On Sat, Nov 25, 2017 at 7:12 PM, <techli...@phpcoderusa.com <mailto:techli...@phpcoderusa.com>> wrote:


    I hear you.  If everyone would play fair I would think slicing up
    data usage is fair.  I watch a lot of YouTube, however I do not
    need 4k.  My main concern is for businesses who use the Internet
    to market and do business.  As you probably know there is a move
    from brick and mortar to online stores and more so to selling on
    Amazon.

    If there is no net neutrality and GoDaddy invests in timewarner,
    then timewarner could keep people from seeing your website that is
    hosted on HostGator. Then Godaddy could coerce you into moving to
    GoDaddy or pay a fee to GoDaddy or timewarner.

    I see some serious antitrust coming. We need to get ICAAN back and
    we need to keep the Internet the Wild West to some degree. I do
    see Google is headed for some antitrust law suites, and maybe
    Government oversight. Government oversight is scary given how
    corrupt our Government is.



    On 2017-11-24 12:31, Herminio Hernandez, Jr. wrote:

    I will start with some thoughts on why I find the NN debate
    troubling. First there is a technical misunderstanding. NN is
    built on the idea that ISPs should treat all traffic equally.
    This concept is simply unrealistic. Bandwidth is a limited
    resource there is only so much data that a Ethernet port can
    transmit and receive. Also things like MTU size, latency, jitter
    all impact the reliable transmission of data which bring me to my
    other point. Not all traffic is the same. There are night and day
    differences between TCP and UDP traffic. For example UDP (which
    is what most voice and video is) is faster than TCP. The drawback
    to this is that UDP does not have the recovery features that TCP
    has in case of packet loss (ie sequence number and acknowledgment
    packets). There UDP applications are more prone to suffer when
    latency is high or links get saturated.
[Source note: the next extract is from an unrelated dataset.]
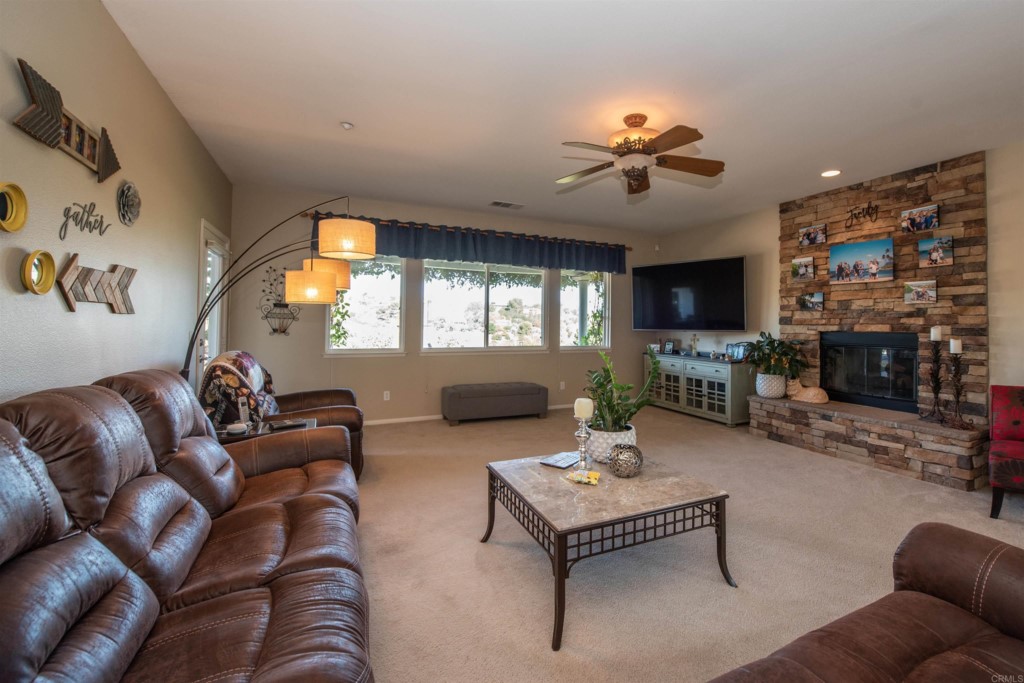 28288 Deep Canyon Drive Escondido, CA 92026 - Photo 12 of 75 a living room with furniture a fireplace and a flat screen tv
To overcome this network
    engineer implement prioritization and traffic shaping to ensure
    these services are not impacted.
    As more content is consumed such as 4K video on the internet, the
    need for traffic shaping will only increase. Netflix already has
    the ability to push 100Gbps from their servers. That is a ton of
    data that needs to be prioritized by ISPs. This is not free there
    are serious costs involved in man hours and infrastructure.
    Someone needs to bear that cost. This is why I am not opposed to
    fast lanes. If Netflix is going to have ISPs ensure all of the
    massive amounts to data are push is delivered efficiently, then
    the ISPs should be free to charge a premium for this service.
    Netflix does not want to bear this cost, hense their support for
    Net Neutrality. They want the ISPs to bear the cost, but then
    result of that is we bear the cost via data caps.
    When you strip away all the slogans it all comes down to money
    and control. Data will be traffic shaped it is just who decides
    how unelected government bureaucrats pushing some public policy
    or market forces.
    Something else to consider a lot not all but a lot of the very
    same people who cry that the end of Net Neutrality will be end of
    free speech (no more free and open internet) have no issue saying
    Twiiter, Facebook, and Google (since they are 'private
    companies') have the right demonetize, obscure, or even ban
    individuals who express ideas that other deem "offensive". How is
    that promoting a "Free and Open Internet"?

    On Fri, Nov 24, 2017 at 10:24 AM, Eric Oyen <eric.o...@icloud.com
    <mailto:eric.o...@icloud.com>> wrote:

        well, as someone else suggested, a new thread.

        so, shall we start the discussion?

        ok, as mentioned, bandwidth is a limited resource. the
        question is How limited?

        Then there is the question: can an ISP curtail certain types
        of traffic (null route it, delay it, other bandwidth shaping
        routines)? How far can they go?

        What really is net neutrality?

        lastly, what part does the FCC play, or should they?

        so, any thoughts on the above questions?

        -eric
        from the central offices of the Technomage Guild, you got
        questions, we got answers Dept.